HIT Meaningful Use - Opportunity & Threats

Opportunity & Threats

Congress adopted a carrot & stick approach to prodding medical professionals and hospitals to increase the electronic capture and distribution of health information. Between 2011 and 2014 there are financial incentives to adopt EHRs. After 2015 there are financial penalties for hospitals and physicians who have not reached the point of meaningful use of EHRs.

The Carrot

Congress authorized significant funding to support the widespread adoption of health IT through the ARRA economic stimulus bill. CMS estimates that the total payments distributed to Medicare and Medicaid providers will be between $14 and $27 billion over 10 years, though total spending will depend on the number of providers that qualify.
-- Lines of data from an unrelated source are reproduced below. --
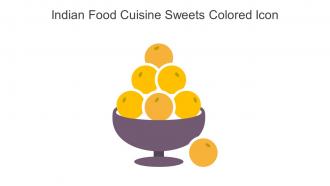 Indian Food Cuisine Sweets Colored Icon In Powerpoint Pptx Png And Editable Eps Format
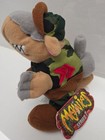 Meanies Armydillo  dan  1997 Series 1 Armadillo Beanie Baby Bag Plush Animal Toy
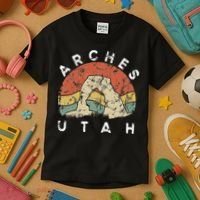 Arches National Park Utah Vacation Road Trip Kids T-Shirt thumb 3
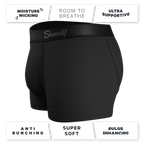 The Threat Level Midnight | Black Ball Hammock® Pouch Trunks Underwear - Shinesty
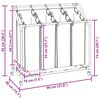 Laundry sorter with 4 bags black grey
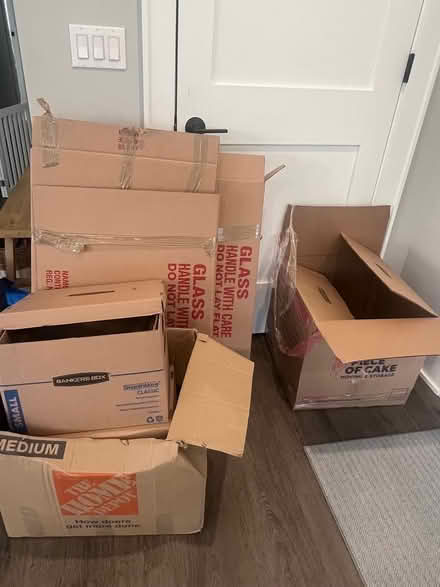 Photo of free Moving boxes and moving blankets (Morristown) #1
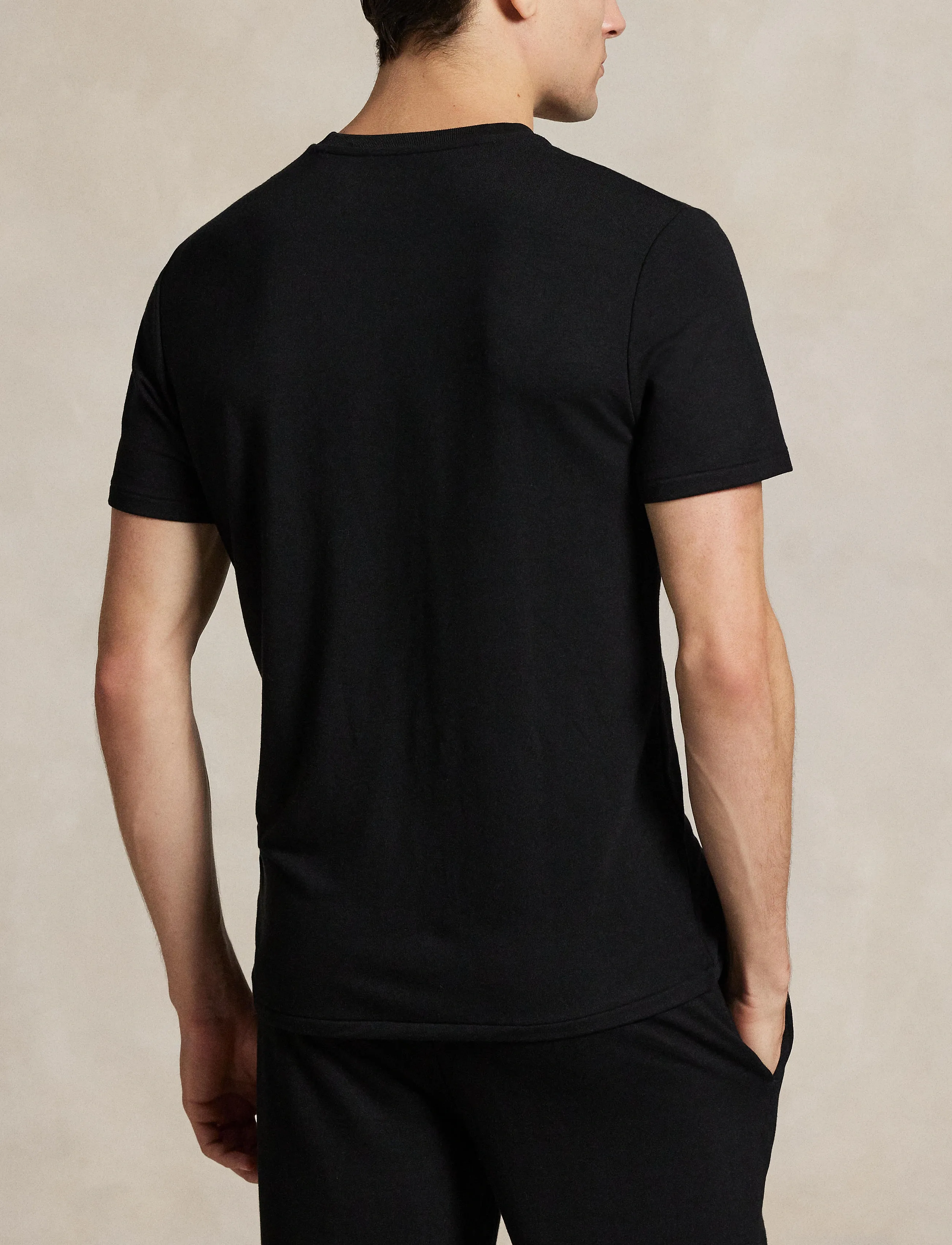 Polo Ralph Lauren - Logo French Terry Sleep Shirt - pyjama tops - polo blck - 3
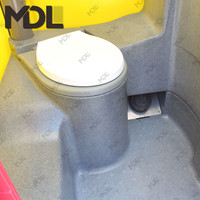 Toilette mobile de luxe de Guangzhou, toilette préfabriquée bleue, toilette en plastique portable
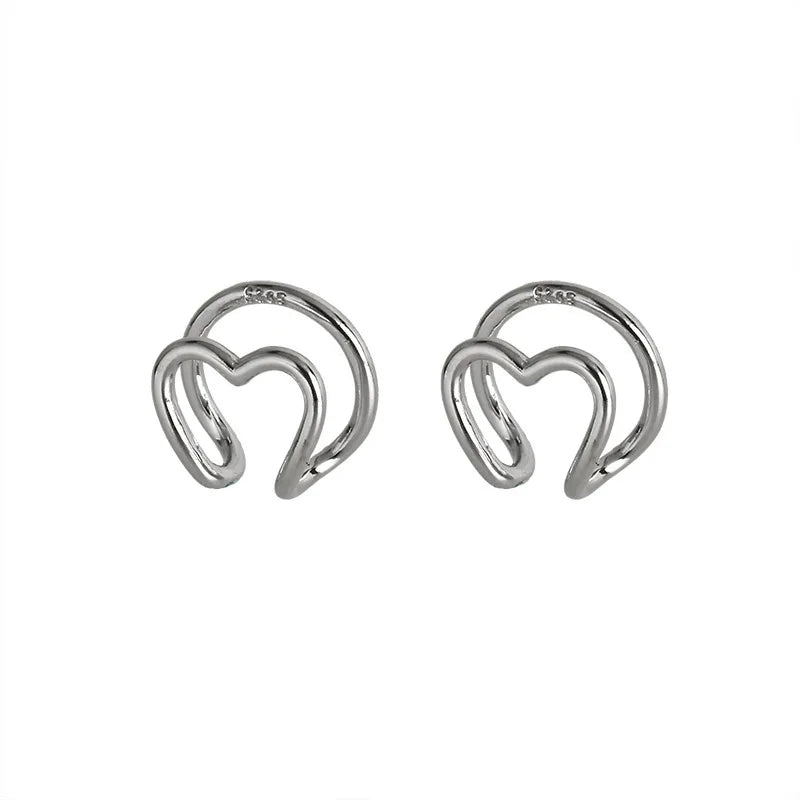 Minimalist Ear Cuff Set Earrings For Women Cartilage Clip Punk Jewelry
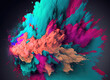Colorful Explosion A Vibrant Smoke Texture for Your Designs | Colorful Explosion | Explosion| Colorful | High Quality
The majority of these funds will be distributed as incentive payments distributed through the Medicare and Medicaid programs to eligible providers - including hospitals - that use EHR systems. The ARRA-stipulated incentive payments are intended to encourage hospitals and some physicians to become "meaningful users" of health IT. The formula for hospital incentive payments includes a base payment of $2 million with additional factors for total discharge volume, the level of charity care, the percentage of inpatient days paid for by Medicare or Medicaid, and an annual transition factor that scales back the payment over time.
Registration for Medicaid incentives begins in January, 2011. For more information see the AHA Registration and Attestation Advisory. To register, see the Medicare and Medicaid Registration User Guide for Eligible Hospitals.

The Stick

After 2015, hospitals that have not become meaningful users of EHRs will face penalties from both Medicare and Medicaid in the form of reduced payments. These penalties will come in the form of reduced Medicare and Medicaid payments.